[Your goal] Return every line from the one with "DIAMOND ASSORTMENT | EMERALD GREEN - MEM" through the one with "Sleeping Dogs Walkthrough", inclusive, exactly as it appears below.

[Data records]
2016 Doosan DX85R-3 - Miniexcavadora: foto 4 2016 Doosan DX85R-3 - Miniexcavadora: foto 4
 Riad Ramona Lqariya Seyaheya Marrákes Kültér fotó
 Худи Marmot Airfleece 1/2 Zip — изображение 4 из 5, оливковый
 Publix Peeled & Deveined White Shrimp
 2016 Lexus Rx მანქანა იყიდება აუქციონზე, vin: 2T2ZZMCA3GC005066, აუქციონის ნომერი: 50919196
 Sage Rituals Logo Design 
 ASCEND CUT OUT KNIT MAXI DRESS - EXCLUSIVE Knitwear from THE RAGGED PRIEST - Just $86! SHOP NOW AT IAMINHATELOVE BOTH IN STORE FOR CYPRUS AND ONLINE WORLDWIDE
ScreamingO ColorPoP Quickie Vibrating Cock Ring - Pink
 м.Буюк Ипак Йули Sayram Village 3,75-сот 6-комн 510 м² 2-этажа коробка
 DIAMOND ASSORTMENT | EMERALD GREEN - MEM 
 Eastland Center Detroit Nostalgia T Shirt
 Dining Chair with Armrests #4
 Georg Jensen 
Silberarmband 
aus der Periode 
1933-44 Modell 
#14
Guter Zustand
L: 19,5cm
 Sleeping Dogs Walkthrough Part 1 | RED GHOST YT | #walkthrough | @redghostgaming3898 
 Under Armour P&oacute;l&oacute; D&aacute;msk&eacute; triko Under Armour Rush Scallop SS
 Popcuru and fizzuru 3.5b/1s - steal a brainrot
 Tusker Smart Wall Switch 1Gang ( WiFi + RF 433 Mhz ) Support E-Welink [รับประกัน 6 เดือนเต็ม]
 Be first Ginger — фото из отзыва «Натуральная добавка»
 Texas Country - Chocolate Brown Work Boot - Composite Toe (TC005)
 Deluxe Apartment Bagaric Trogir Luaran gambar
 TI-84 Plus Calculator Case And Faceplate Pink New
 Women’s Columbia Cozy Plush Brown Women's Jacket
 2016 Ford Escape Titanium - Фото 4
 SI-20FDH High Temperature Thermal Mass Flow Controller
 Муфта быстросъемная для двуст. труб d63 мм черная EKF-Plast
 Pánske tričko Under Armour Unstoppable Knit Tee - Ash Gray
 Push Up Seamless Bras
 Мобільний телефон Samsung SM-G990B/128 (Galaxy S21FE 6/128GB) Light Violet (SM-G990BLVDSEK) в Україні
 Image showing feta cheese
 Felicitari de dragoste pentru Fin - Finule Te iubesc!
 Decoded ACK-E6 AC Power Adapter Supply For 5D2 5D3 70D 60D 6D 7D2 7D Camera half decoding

[Output for this exercise]
 DIAMOND ASSORTMENT | EMERALD GREEN - MEM 
 Eastland Center Detroit Nostalgia T Shirt
 Dining Chair with Armrests #4
 Georg Jensen 
Silberarmband 
aus der Periode 
1933-44 Modell 
#14
Guter Zustand
L: 19,5cm
 Sleeping Dogs Walkthrough Part 1 | RED GHOST YT | #walkthrough | @redghostgaming3898 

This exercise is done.